The less good idea | William Kentridge

In South Africa in the 1980s – which was the last decade of apartheid – there was strong censorship of press and news. But there was a gap in the world of theatre and performance. Many things could be said and shown on stage that could not be said or shown in the media. In South Africa at the time, theatre became a vital part of daily life – not least for the shared energy of a small audience close together in a theatre. In South Africa in those days theatre was also one of the first places of breaking the boundaries that apartheid enclosed. There were conversations between performers and audiences that, in their limited sphere, were a utopian vision of how communication could happen in a damaged society.

Improvisation and workshop creation were the key elements of this period and remain key for me in the theatre work I do now. Even if the work ends up in an opera house in Europe or America, the preliminary improvisatory work done in the studio in Johannesburg is key, both in finding a language and in generating the energy that feeds invention through the mental and physical proximities of the performers.

Four years ago I founded an arts centre in Johannesburg called the Centre for the Less Good Idea (the title comes from the Tswana proverb, “If the good doctor can’t heal you, find the less good doctor”). This is a centre in which actors, musicians, dancers, writers, artists come together, and twice a year make a season of different offerings for public viewing. The principle of it is that one starts with an idea, but it is in the physical activity of making – rehearsing, improvising, repeating the same gesture with variations, that ideas emerge (the less good idea) and often shift the work and take centre stage. This is not a theoretical position. It is about thinking in the movement of the body and voice, allowing us to recognise things which our body knew, but we did not know we knew.

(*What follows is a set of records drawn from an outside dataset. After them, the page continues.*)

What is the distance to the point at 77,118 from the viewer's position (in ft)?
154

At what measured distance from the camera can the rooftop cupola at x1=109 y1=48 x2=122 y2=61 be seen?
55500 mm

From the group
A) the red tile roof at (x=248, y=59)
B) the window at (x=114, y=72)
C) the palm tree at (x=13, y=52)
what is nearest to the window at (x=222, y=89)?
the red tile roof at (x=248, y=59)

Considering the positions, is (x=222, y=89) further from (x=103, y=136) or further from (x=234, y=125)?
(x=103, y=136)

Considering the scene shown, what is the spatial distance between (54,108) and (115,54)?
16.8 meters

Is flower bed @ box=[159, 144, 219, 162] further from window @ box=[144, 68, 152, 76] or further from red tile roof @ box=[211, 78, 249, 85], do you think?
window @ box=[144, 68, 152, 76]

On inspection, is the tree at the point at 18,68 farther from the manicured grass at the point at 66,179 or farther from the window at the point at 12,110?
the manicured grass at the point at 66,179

This becomes very clear to participants in the workshops at the centre. The completion of the making of this meaning relies on the presence of an audience, in our case small (our spaces are not large), maybe 150 people at a time, to share this discovery. To understand, in their recognition of what they see in front of them, their participation in making meaning. This complicity confirms the agency of all in the theatre, both performers and audience, in making sense of the world.

William Kentridge is a South African artist working in drawing, film, print making, sculpture, theatre and opera. His works have been exhibited in solo exhibitions at many museums, including the MoMa in New York, and the Albertina Museum in Vienna.